Es que cabe preguntarse si realmente, con honestidad, cualquiera de esos grupos en armas considera que con su repugnante accionar tienen ganado, o van ganando o van a ganar la simpatía, para no hablar de la afinidad política de millones y millones de colombianos inconformes. Resulta obvio que no. La idea de la paz, pese a sus contradictores, ha calado con tal fuerza en la conciencia nacional, que los llamados a una insurrección violenta suenan disparatados a la gran mayoría.
Más de medio siglo de sangrientos sucesos sin que la soñada revolución se asome siquiera al horizonte refuerzan por completo esa convicción. Más cuando el desarrollo de los acontecimientos políticos va demostrando que la ruta de los cambios y las profundas transformaciones en nuestro país va por otra dirección, la acción política de la gente en las calles y las urnas. Lo que hay que detener es precisamente los crímenes del Estado contra la población.
El terrorista es el régimen político que soportamos, de ahí el repudio creciente hacia él.
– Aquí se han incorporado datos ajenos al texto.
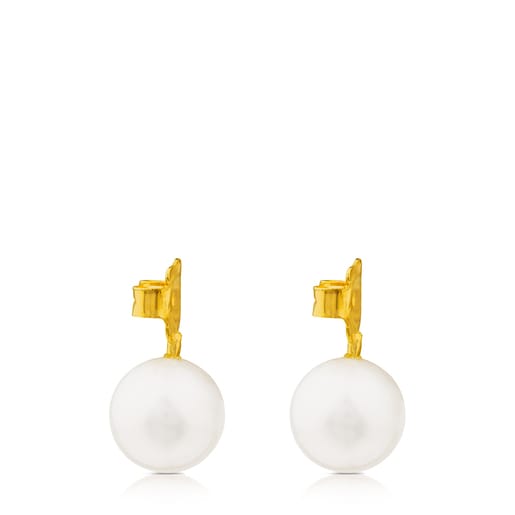 Aretes Ivette de Oro con Perla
Por eso hay que cambiarlo. Y por lo mismo no puede accionarse de igual modo por parte de quienes aspiran a un país mejor. Cuando quien se proclama revolucionario baña de tal manera sus manos en sangre, apoyado además en ilusas razones para legitimarse, tiene que saber que su futuro político está arruinado. No se trata de cambiar a unos criminales por otros.
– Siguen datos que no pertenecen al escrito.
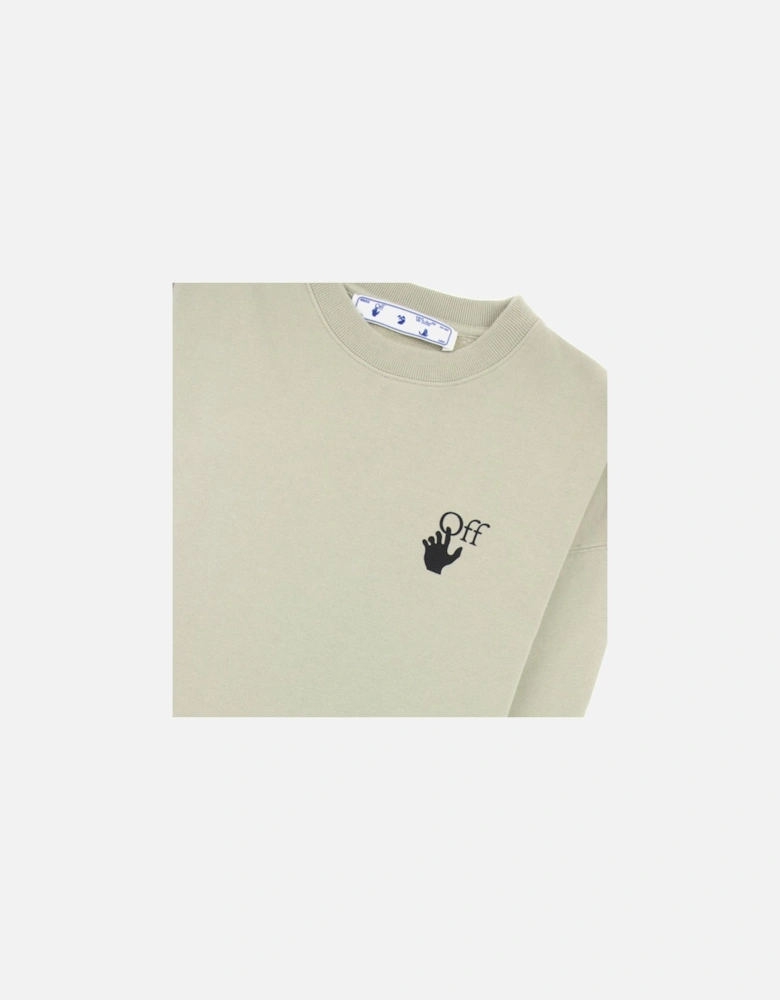 Off White Bubble Arrow Over Crewneck Sweatshirt Stone Grey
El imperialismo y las oligarquías, el saqueo, la violencia y el miedo, la pobreza, la miseria, la inequidad y la injusticia, así como la persecución contra el pueblo existen sin duda. Y causan enorme sufrimiento. Son demasiado brutales como para que quienes se creen sus salvadores se empeñen en acrecentarlas con sus salvajes embestidas. Ni el inconsciente ELN ni las siniestras disidencias tienen la menor posibilidad de que ese camino les reporte frutos distintos al odio.
Precisamente el sentimiento que tenemos que desterrar del espíritu nacional. Un nuevo país, mejor, sólo podrá construirse cuando imperen los sentimientos de solidaridad, fraternidad y perdón. No más muerte.